AquaFloc is a three year project funded by a Natural Environment Research Council (NERC) Standard Project Grant. Beginning in November 2016, the Project aims to use a suite of interdisciplinary imaging techniques combined with numerical modelling in order to answer how the physical properties of composite particles formed in suspension by flocculation processes affect their hydrodynamic behaviour and eventual fate, i.e., floc transport and mass settling flux.

Flocs influence a wide array of environmental phenomena, from the transport of sediments, contaminants and biological matter within rivers and estuaries, to the effective removal of impurities during industrial drinking and waste water treatment.
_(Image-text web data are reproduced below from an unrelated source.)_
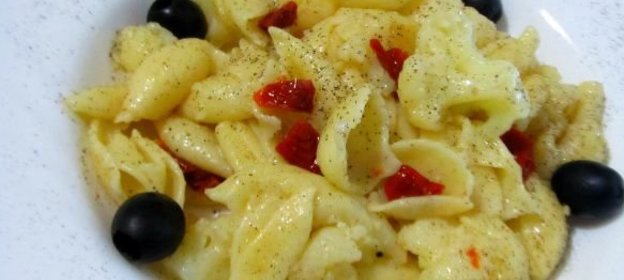 Макароны с цветной капустой и вялеными помидорами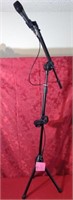 K - MICROPHONE & STAND (B8)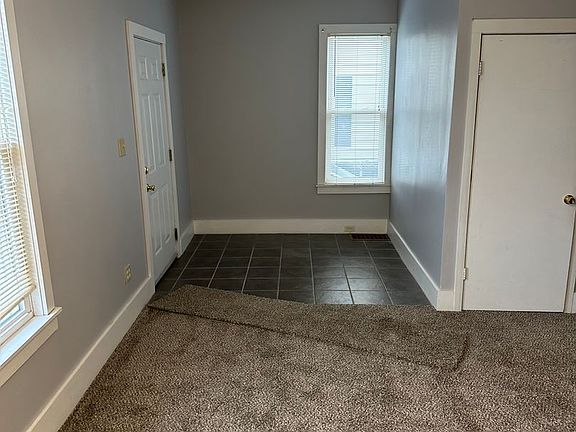 4th image of 2117 E Market St #A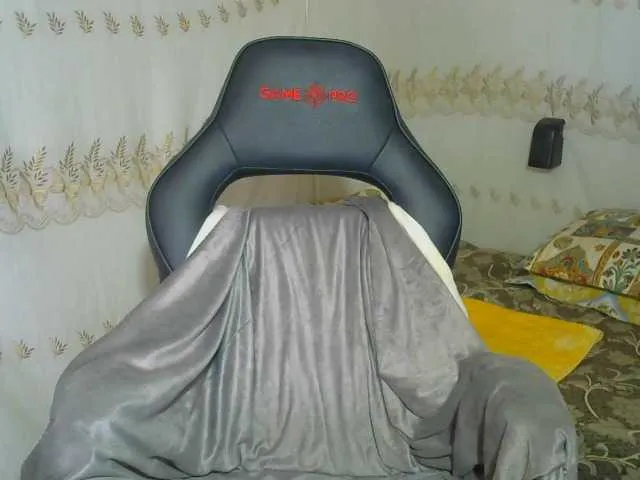 Live sex webcam photo for xxdaryaxx #241263779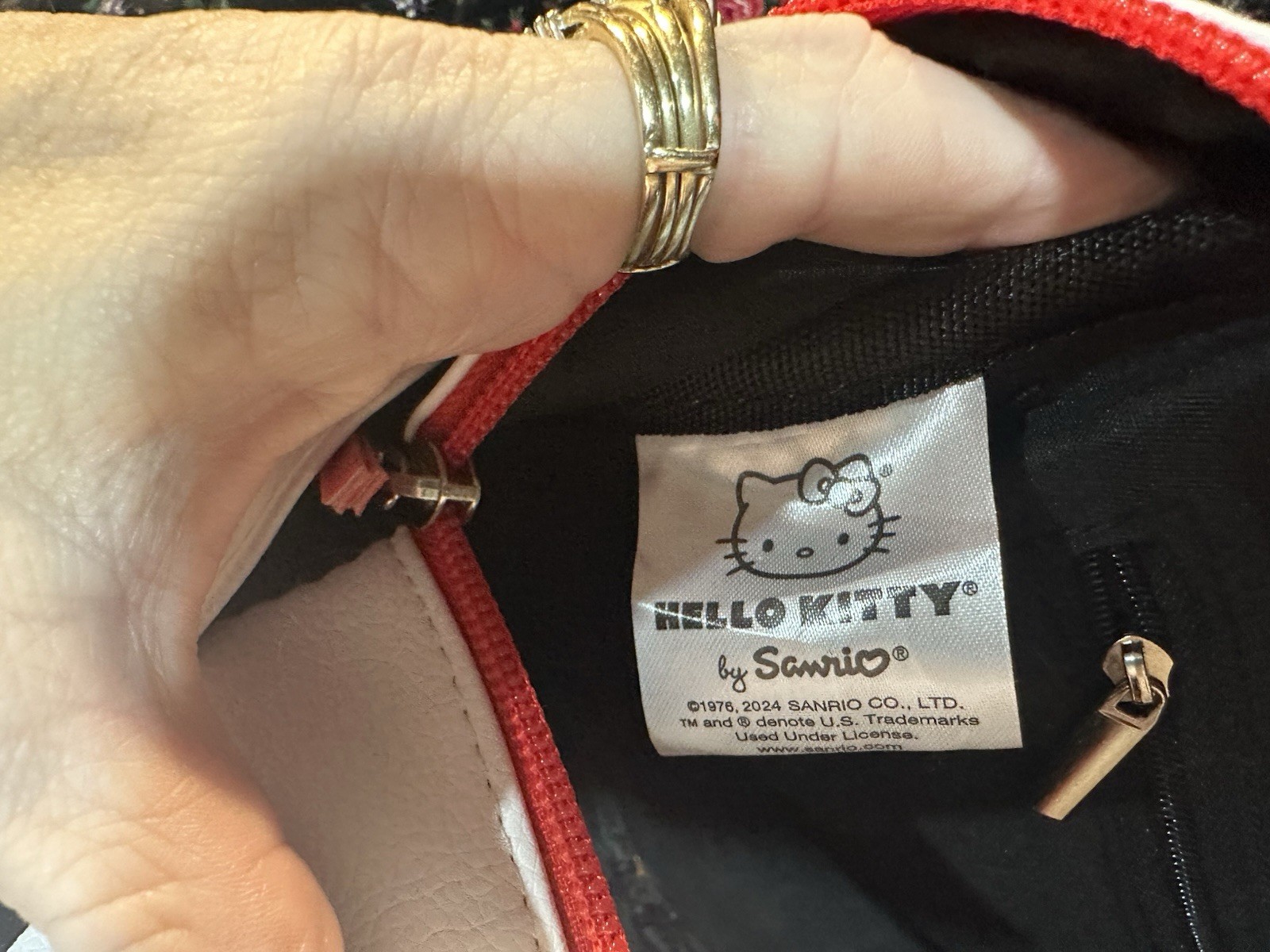 Hello Kitty Adorable Backpack Change Purse School Luggage Play Inner Pockets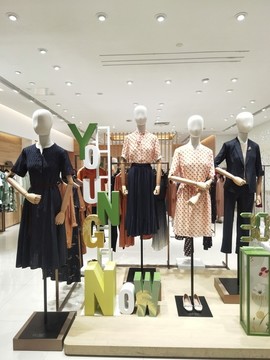 時(shí)尚女裝店鋪陳列設(shè)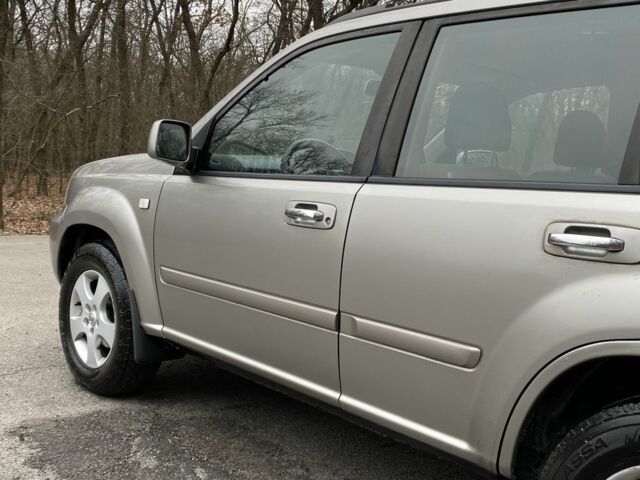 Серый Ниссан ИксТрейл, объемом двигателя 2.2 л и пробегом 290 тыс. км за 3750 $, фото 8 на Automoto.ua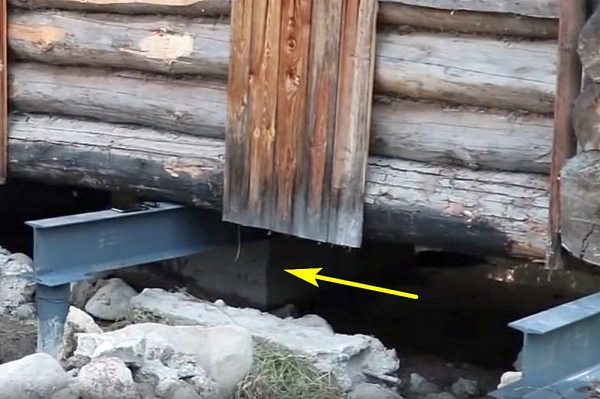 Как поднять баню для замены венцов или ремонта фундамента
Reliable models describing the hydrodynamic behaviour of flocs are therefore critical to making informed management decisions. Yet, flocs are highly dynamic and their physical properties (e.g., size, shape and structure etc.), which vary both spatially and temporally, often span several orders of magnitude in scale, i.e., the nanometre to millimetre-scale. This makes their characterisation for modelling problematic.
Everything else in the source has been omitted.